Raw sloes are bitter and astringent, and this drink needs a lot of sugar to balance them and result in a syrupy, deep pink liqueur. Gin is used as the traditional base, and I love the combination of the juniper and the plummy sloes, but you can use vodka or another clear spirit.
No cooking is involved. Each of the sloes is pricked all over once defrosted (you can embed some needles in a cork to speed this up) and steeped in sugar and gin – for every pound of sloes I use 8 oz of caster sugar and 1 3/4 pints of gin. The gin doesn’t have to be a particularly fancy one; I just used Waitrose’s own brand London Gin. For gin and tonic I usually use Hendrick’s, a far more complicated (and expensive) gin, whose aromatics include rosepetals and cucumber.
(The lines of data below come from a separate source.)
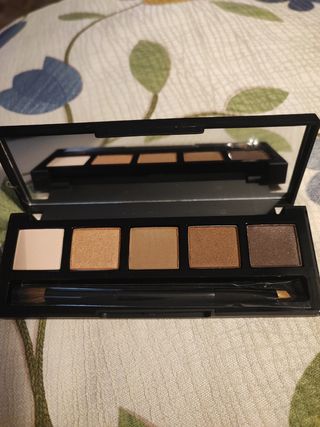 Paleta sombras ojos nude 5 tonos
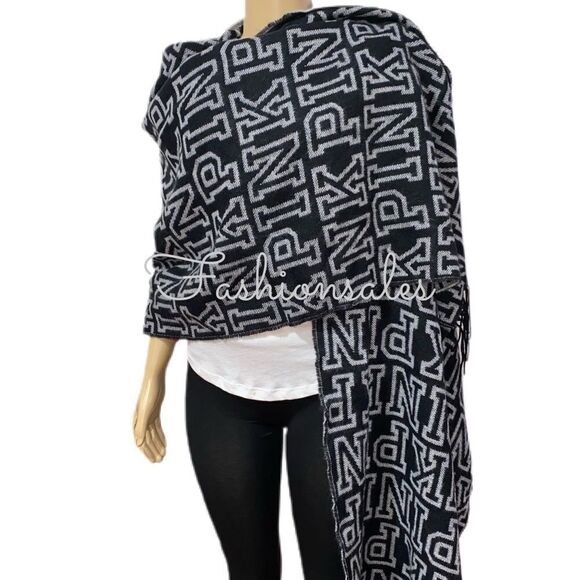 Victorias Secret PINK Cozy Blanket Large Scarf - Picture 5 of 7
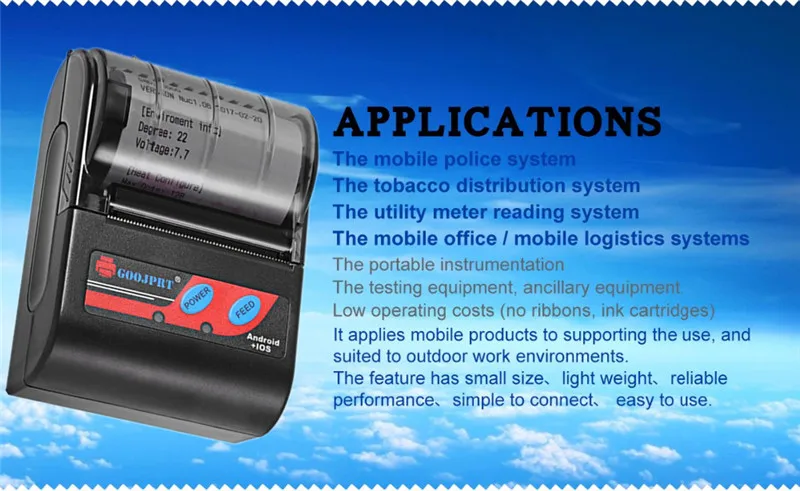MTP 2 Bluetooth Mini wireless thermal printer portable printer (7)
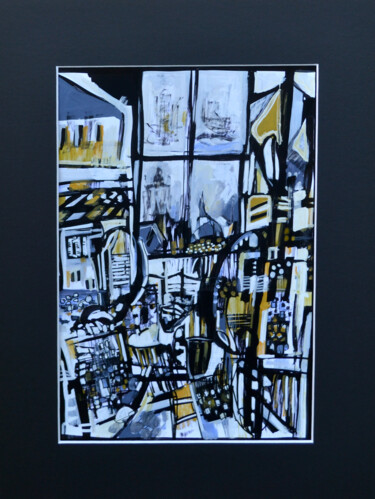 Картина под названием "Les grands magasins" - Muriel Cayet, Подлинное произведение искусства, Другой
Steeping sloes in gin was historically used as a way to disguise tainted gin, so it doesn’t make much sense to use your most expensive gin in this recipe.
I’m using a glass Rumtopf (a German pot for making liqueur fruits, usually made from porcelain) to steep the sloes. Although many recipes say you can stir the mixture regularly and then strain the berries out and make a start on drinking after two months, the gin is much more delicious if you can manage to restrain yourself and not stir it, and then leave it steeping for at least six months before you strain and bottle.
The rumtopf is not completely airtight, so I create a seal with some cling film. (You can use any large container you have for this; my parents use a jar which spends the other half of the year as a storage vessel for rice.) The sugar you can see here will gradually dissolve over the months ahead, and the bright, syrupy juices will leach out of the pricked sloes and combine with the sweetened gin. (For those of you who can’t wait six months, Gordon’s started selling sloe gin pre-bottled last year. It’s not as good as the home-made stuff, but it should keep you pretty happy until summer.)
There’s a quarter bottle of neat gin left over. Thankfully, I have prepositioned some tonic water and limes. I’m in for a pleasant evening contemplating my rumtopf.